Researchers from Universidad de los Andes and PUCV are working together to validate and transfer an AI-based technological platform to support the processing of projects in the Environmental Impact Assessment System (SEIA).

The academic and researcher at the School of Engineering and Applied Sciences, Carla Vairetti, leads this research that seeks to apply artificial intelligence to strengthen legal certainty in the environmental evaluation of projects in Chile. The initiative was recently awarded a FONDEF project, achieving first place in the metropolitan evaluation with a score of 4.82 out of 5. This led to the formation of an inter-faculty and inter-university team, which brings together specialists in law, engineering, linguistics, and environmental sciences. Participants from UANDES include Silvia Bertazzo, José Ignacio Martínez, Sergio Quijada, Pamela Bustamante and Carla Vairetti. From PUCV, the team includes Alan Bronfman, René Venegas and Magdalena Prieto

The purpose is to scale, validate, and transfer a technological platform based on artificial intelligence to support the processing of projects submitted to the Environmental Impact Assessment System (SEIA). "Today this process faces high levels of regulatory uncertainty, inconsistent interpretation criteria, and long response times, which generates risks for both investment and environmental protection. The tool developed seeks to close these gaps by integrating legal-administrative analysis with the capacity to process large volumes of textual and geospatial information," says Vairetti.

In practice, the platform will make it possible to analyze resolutions, regulations, and environmental jurisprudence to identify decision criteria and regulatory trends; incorporate territorial and environmental data to facilitate early evaluation of the compatibility of a project with its surroundings; and expand its coverage beyond the Atacama Region to strategic areas such as Antofagasta, where a large number of mining and energy projects are concentrated. "It is a development that combines legal science, information technologies, and artificial intelligence to reduce regulatory uncertainty, increase transparency, and strengthen environmental governance in Chile," explains the researcher from the School of Engineering and Applied Sciences.

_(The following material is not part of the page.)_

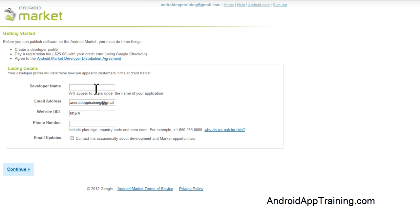Let's get started filling out the form. You have a spot for a developer name here, and this is what will appear underneath your apps as you start publishing apps to the Android Market. As you publish more apps, they'll use your developer name to show people a list of other apps that they might be interested in. We'll just call us Android App Training.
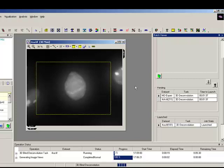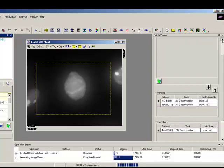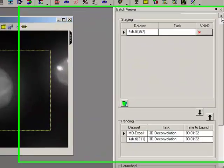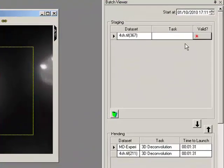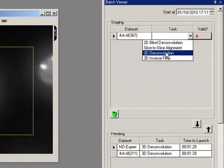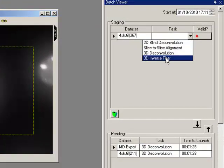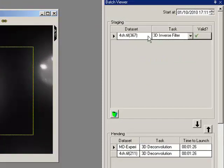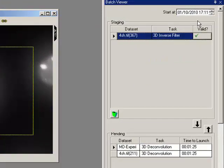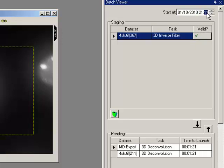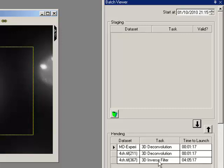I can also add these datasets and deconvolve them at a much later time, so maybe I want to deconvolve this one overnight while I've gone home. Maybe I'm going to set it to a 3D inverse filter this time and I'm going to say I want you to do this at 1:25 tonight. Pending, and there we go, it's going to launch in 4 hours, 5 minutes and 14 seconds.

Artificial intelligence constitutes the functional core of the project and is applied in three main dimensions. First, through natural language processing, with deep learning models trained in legal Spanish, key information is extracted and classified from resolutions, regulations, and technical reports, identifying semantic patterns and relevant interpretative criteria. Secondly, the use of machine learning algorithms—supervised and unsupervised—makes it possible to generate regulatory risk indicators and estimate the probability of approval of new projects, facilitating early decision-making by investors and authorities. Finally, AI is integrated with geospatial analysis (GIS), combining textual information with territorial and environmental data to anticipate regulatory conflicts, regulatory overlaps, or possible incompatibilities with protected areas.

The complexity of this challenge led to the creation of an inter-faculty and inter-university team, which brings together specialists in law, engineering, linguistics, and environmental sciences. Participants from UANDES include Silvia Bertazzo, José Ignacio Martínez, Sergio Quijada, Pamela Bustamante, and Vairetti. Representing PUCV are Alan Bronfman, René Venegas, and Magdalena Prieto. "Legal certainty in environmental assessment cannot be approached from a single discipline. It requires a legal perspective, technical capacity in data processing, and territorial and environmental knowledge. That is the richness of this project," emphasizes the academic.

The expected impact is significant, since the platform will make it possible to anticipate regulatory and territorial conflicts, reducing costs and processing delays; improve the transparency and efficiency of administrative processes; and promote sustainable productive development with greater technical and legal certainty. In Vairetti's words, the main contribution is to "contribute to better environmental governance, in which companies reduce risks, the State strengthens its regulatory capacities, and the public has greater guarantees that decisions are made on a solid and transparent basis."